• **What to work on**:
One part of the entries below is wanted: the lines from the one containing "Fresh pastries. Sweet" through the one containing "a kitchen with". Write those out exactly and nothing else.

• **Excerpted data**:
__________

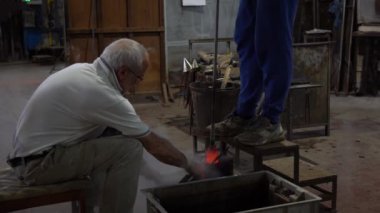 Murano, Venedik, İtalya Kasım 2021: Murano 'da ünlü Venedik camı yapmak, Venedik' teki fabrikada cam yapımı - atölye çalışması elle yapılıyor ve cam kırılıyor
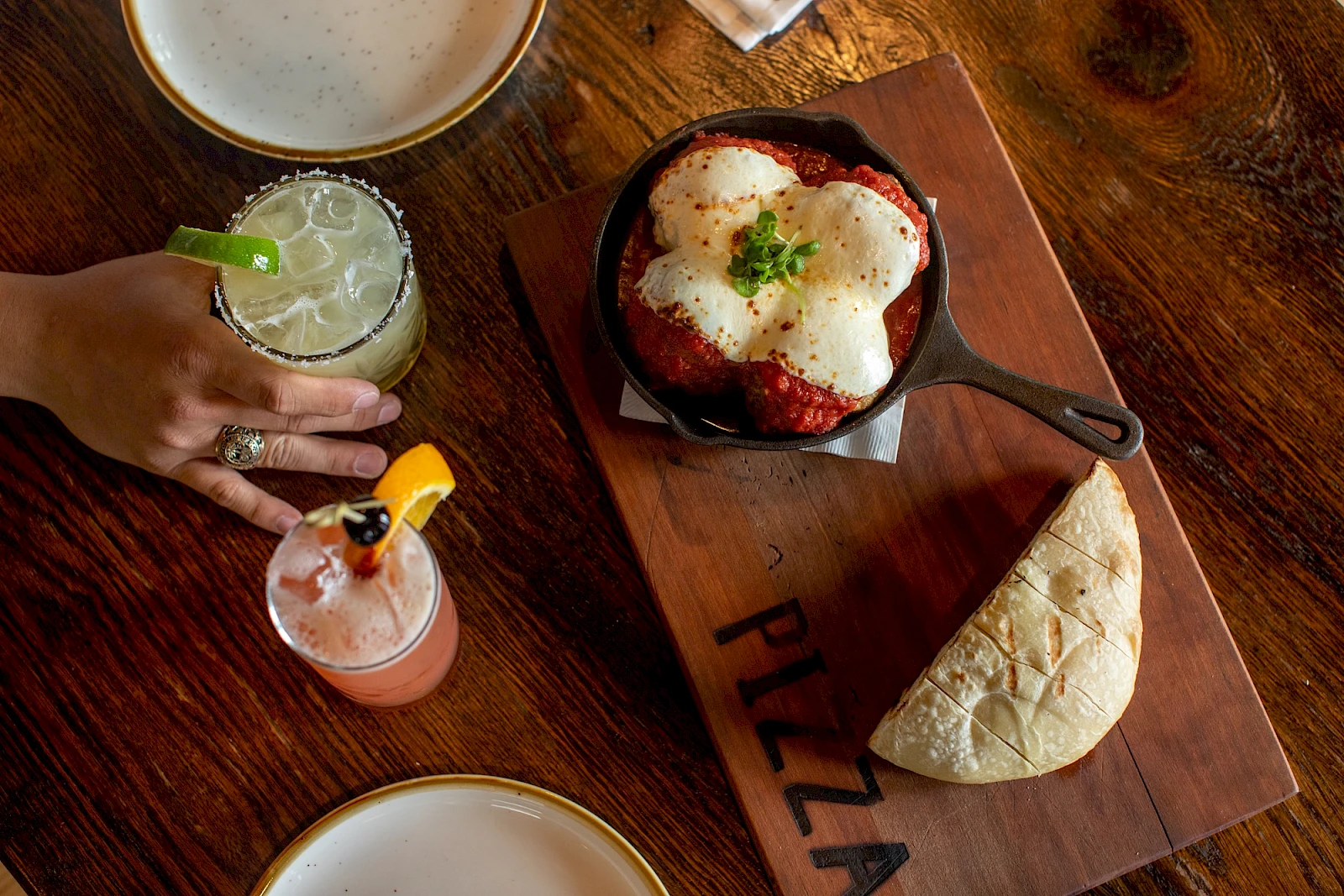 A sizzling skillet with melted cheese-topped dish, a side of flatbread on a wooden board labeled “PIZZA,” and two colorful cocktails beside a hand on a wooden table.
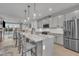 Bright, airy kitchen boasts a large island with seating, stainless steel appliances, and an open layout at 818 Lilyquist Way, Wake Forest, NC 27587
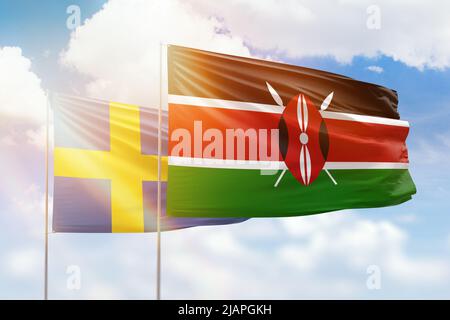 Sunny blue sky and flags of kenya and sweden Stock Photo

__________

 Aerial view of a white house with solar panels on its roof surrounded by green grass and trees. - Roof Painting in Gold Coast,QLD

__________

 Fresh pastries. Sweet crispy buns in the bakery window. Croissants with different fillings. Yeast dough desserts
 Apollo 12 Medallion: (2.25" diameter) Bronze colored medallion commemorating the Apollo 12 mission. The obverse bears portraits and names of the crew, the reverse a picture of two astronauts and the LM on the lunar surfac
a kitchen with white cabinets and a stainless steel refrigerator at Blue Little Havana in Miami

__________

• **Exercise solution**:
 Fresh pastries. Sweet crispy buns in the bakery window. Croissants with different fillings. Yeast dough desserts
 Apollo 12 Medallion: (2.25" diameter) Bronze colored medallion commemorating the Apollo 12 mission. The obverse bears portraits and names of the crew, the reverse a picture of two astronauts and the LM on the lunar surfac
a kitchen with white cabinets and a stainless steel refrigerator at Blue Little Havana in Miami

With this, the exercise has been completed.